Quando autoridades russas invadiram escritórios da ONG Human Rights Watch em Moscou, elas convidaram uma equipe de uma das maiores redes de TV do país, a NTV (controlada pelo estado), para filmar a invasão. Não foi a primeira vez: câmeras da emissora estatal já haviam registrado invasões a outras ONGs, incluindo a Anistia Internacional e o grupo de direitos humanos Memorial.
O presidente Vladimir Putin descreveu essas invasões como “medidas rotineiras” tomadas pelas agências do governo para garantir que as atividades das organizações estivessem “de acordo com a lei”. No entanto, por que é preciso filmar e exibir em horário nobre essas atividades, se são apenas operações de “rotina”? A resposta tem a ver com o papel crucial do governo em moldar a percepção do público sobre o mundo. O uso seletivo de auditores fiscais e inspeções de segurança, assim como leis e regulações arbitrárias, são onerosas e disruptivas às atividades de ONGs. O lugar da mídia estatal no arsenal autoritário é de uma ordem diferente porque seus ataques estão destinados a desacreditar – e deslegitimar – a sociedade civil.
Bloquear e atacar
Ao contrário da mídia independente de propriedade pública em países democráticos, as funções da mídia em estados autoritários são bloquear e atacar. Bloquear as informações garante que a crítica consistente da liderança não afete o público que consome as notícias principalmente por rádio ou TV. Atacar, pelo uso de desinformação de mídia de massa, destina-se a sujar a imagem de alguém que é visto como uma ameaça ao poder estabelecido. Para a sociedade civil, a função de ataque é a mais destrutiva.
Essa fórmula para repressão da sociedade civil não é restrita apenas à Rússia, sendo um padrão visível em muitos países autoritários. Outros países da ex-União Soviética estão bem representados na lista. A mídia estatal do Azerbaijão, por exemplo, ataca rotineiramente ONGs e ativistas individuais. Durante uma entrevista recente à TV estatal, Ramiz Mehdiev, chefe de estado do presidente Ilham Aliev, alegou que “falsas ONGs” independentes, apoiadas pelo Ocidente, constituíam uma ameaça à segurança nacional e deveriam ser fechadas para evitar maior influência nas relações internas do país.
Os governos da Bielorrússia, Cazaquistão e Uzbequistão agem de maneira semelhante. No Zimbábue, na África, a mídia estatal é usada como instrumento de demonização, chegando a chamar as ONGs financiadas por países estrangeiros de “mercenárias da sociedade civil”. A Arábia Saudita e outros países do Oriente Médio também usam a mídia estatal como uma verdadeira arma contra a sociedade civil.

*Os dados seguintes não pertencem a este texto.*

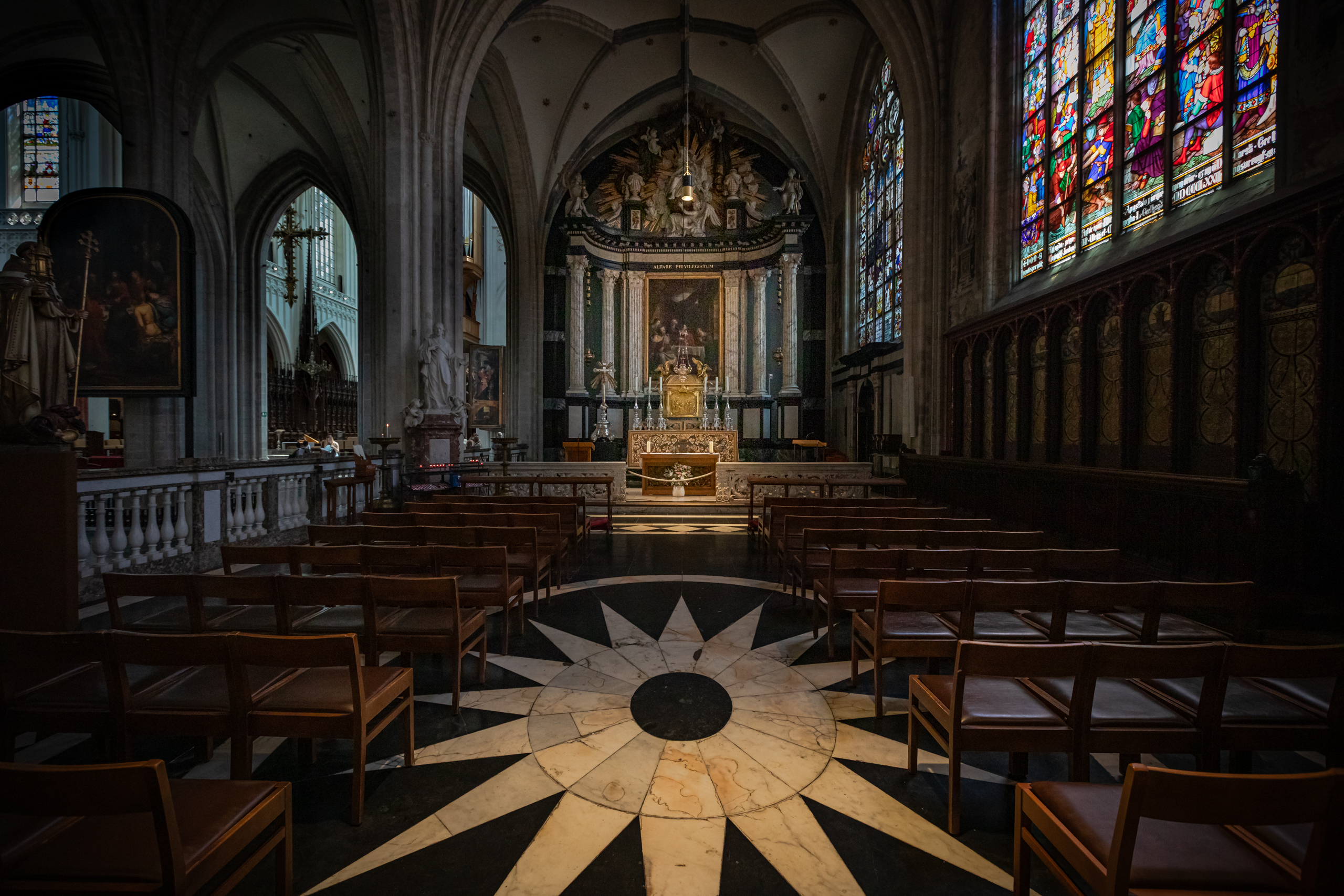 Antwerp Cathedral Carol Olerud FRPS 02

A TV estatal russa, especialmente a NTV, investe em programas sensacionalistas que sugerem que ativistas de direitos humanos e outros reformistas trabalham em nome de interesses internacionais ou buscando prejudicar o governo russo. Esses grupos, na realidade, fazem o trabalho essencial de proteger os direitos dos cidadãos russos, encorajando a transparência nas políticas públicas e promovendo a liberdade de expressão. Os ataques da mídia estatal contestam seus motivos e suas ações, dificultando que esses grupos ganhem a confiança de cidadãos comuns.
Sociedade civil como ameaça
Ao marginalizar a oposição política e eliminar vozes alternativas, Putin agora vê a sociedade civil como a principal ameaça a seu governo. Com o rápido aumento da internet e das tecnologias de comunicação, é tentador supor que a mídia estatal já é relíquia de uma era passada. Mas com seu alcance vasto e geralmente incontestado e influência sobre populações fora dos centros urbanos que, geralmente, têm menos acesso a fontes independentes de informação, a TV estatal é o meio que modela as visões de audiências que tipicamente representam a base de apoio autoritária. Na Rússia, a TV estatal ainda é a fonte dominante de informação.

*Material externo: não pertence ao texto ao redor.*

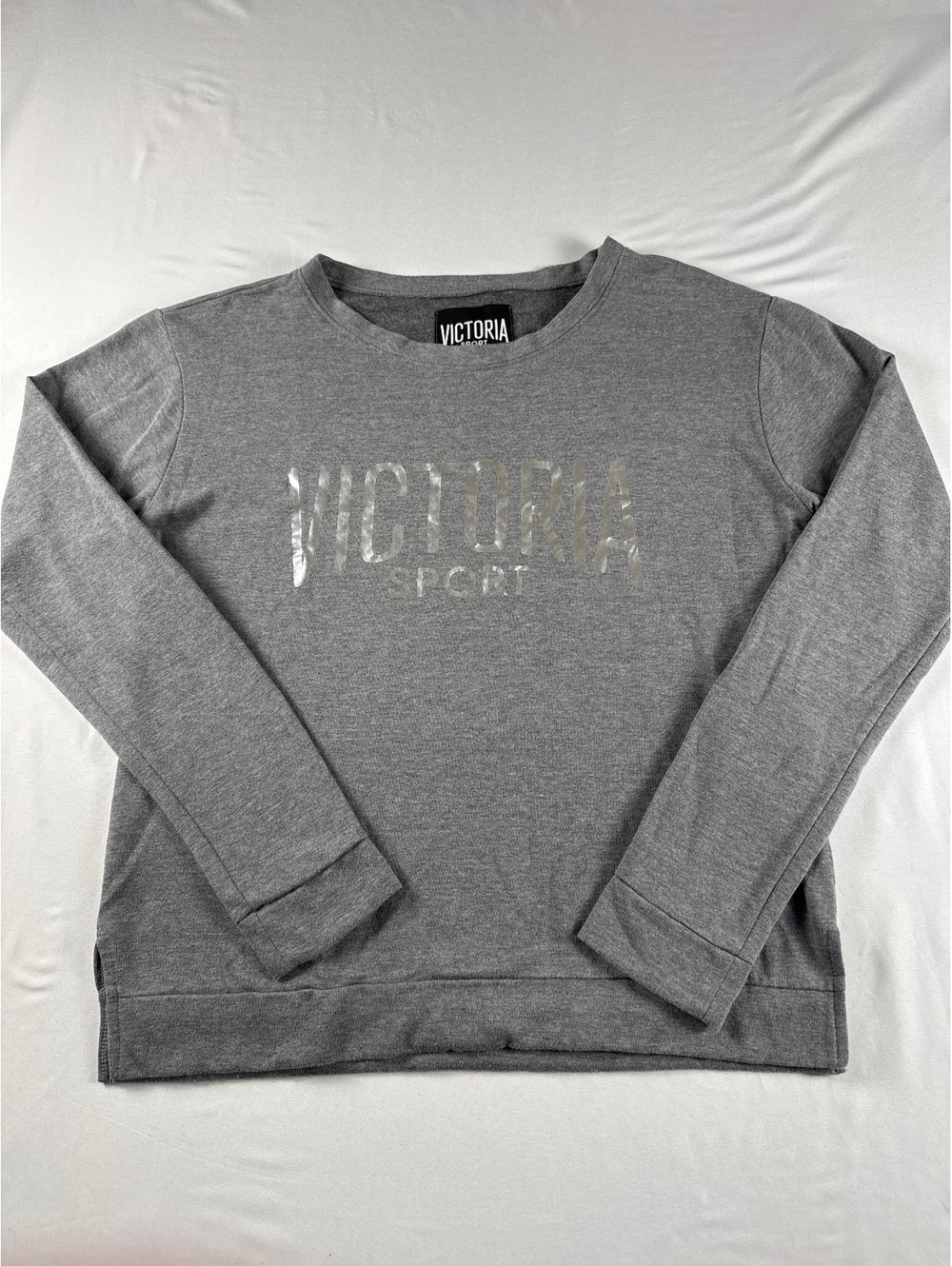 Victoria Sport Grey Crewneck Sweatshirt Medium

Organizações comunitárias, grupos de defesa de direitos civis e outras associações que formam a sociedade civil são fundamentais para trazer práticas inovadoras ao espaço público. Tais ONGs trabalham para melhorar políticas públicas e encorajar o desenvolvimento econômico e social, entre outros benefícios. Os ataques à sociedade civil estão, portanto, prejudicando o desenvolvimento desses países de um modo crucial. Nesse sentido, a mídia estatal prejudica o próprio governo a quem supostamente serve.